◆ **MATERIAL PROVIDED**
┌────────
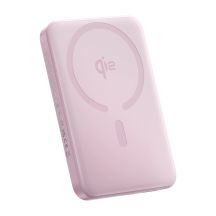 Baseus EnerFill FM12 Qi2 Power Bank 10000mAh 22.5W MagSafe Compatible with White Baseus Simple USB-C Cable 20V/3A 0.30m - Pink
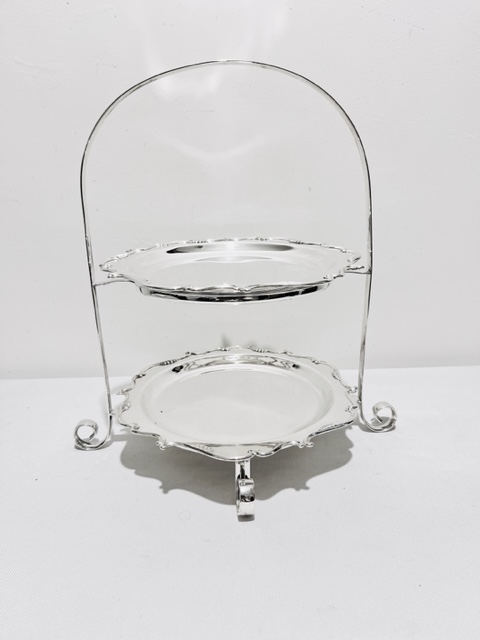 Vintage Silver Plated Cake Stand with Domed Handle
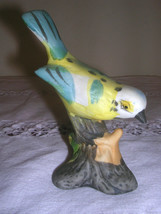 Old Vintage Hand Painted Bisque Porcelain Blue Tit Bird Figurine Shelf H... - $9.89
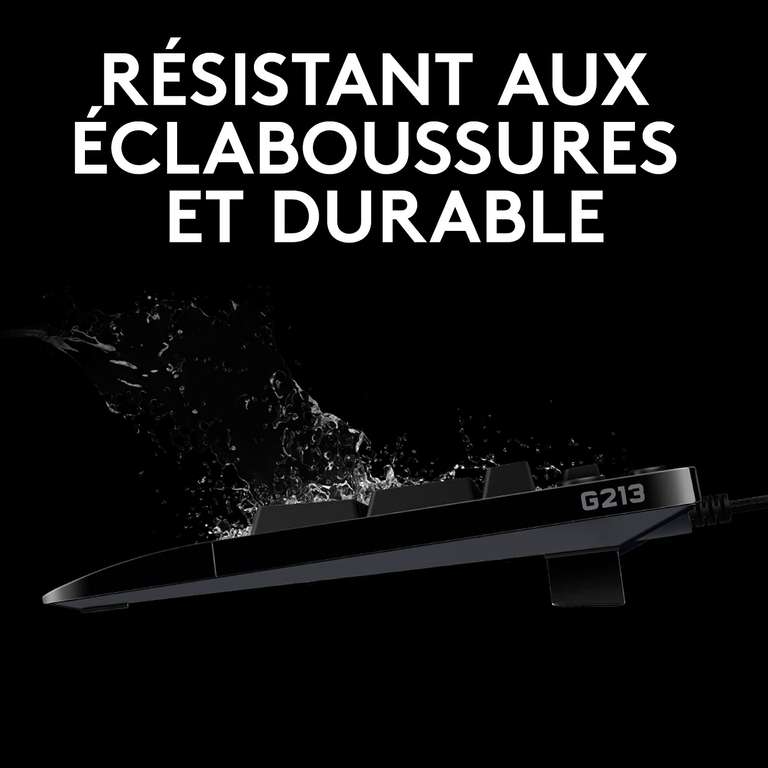 Logitech g213 prodigy, clavier gaming, eclairage rvb lightsync, résistant  aux eclaboussures, personnalisable, commandes multiméd - Conforama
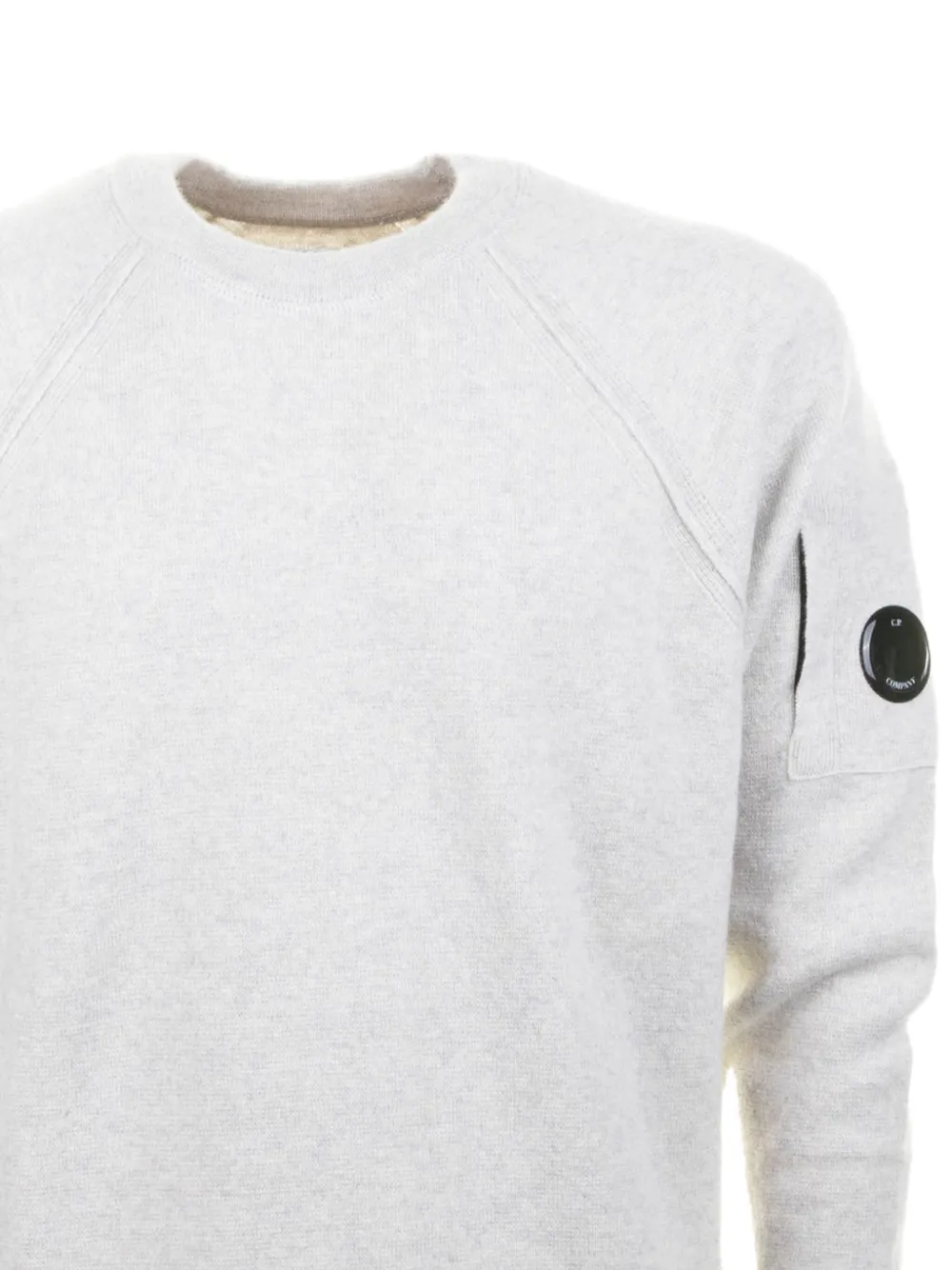C.P. Company Trui met raglan mouwen en Lens-zak Wit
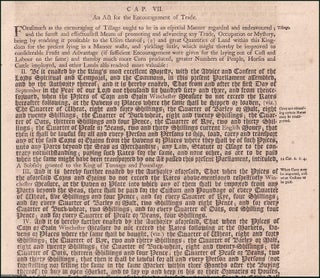 Item #509813 Encouragement of Trade Act 1663 c. 7. An Act for the Encouragement of Trade. King...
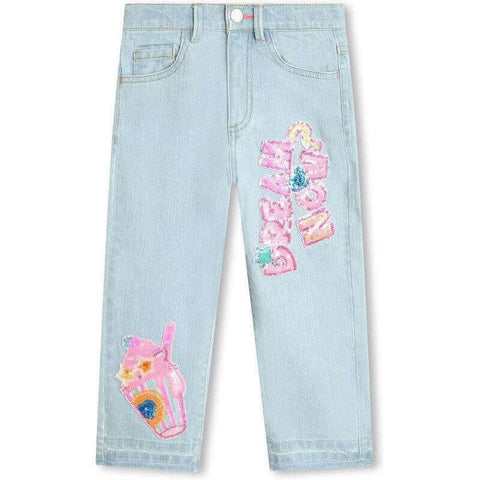 Billieblush Girls Denim Sequin Jeans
└────────
◆ **THE TASK**
Give every entry back unchanged, with no pictures.

◆ **ANSWER**
 Baseus EnerFill FM12 Qi2 Power Bank 10000mAh 22.5W MagSafe Compatible with White Baseus Simple USB-C Cable 20V/3A 0.30m - Pink
 Vintage Silver Plated Cake Stand with Domed Handle
 Old Vintage Hand Painted Bisque Porcelain Blue Tit Bird Figurine Shelf H... - $9.89
 Logitech g213 prodigy, clavier gaming, eclairage rvb lightsync, résistant  aux eclaboussures, personnalisable, commandes multiméd - Conforama
C.P. Company Trui met raglan mouwen en Lens-zak Wit
 Item #509813 Encouragement of Trade Act 1663 c. 7. An Act for the Encouragement of Trade. King...
 Billieblush Girls Denim Sequin Jeans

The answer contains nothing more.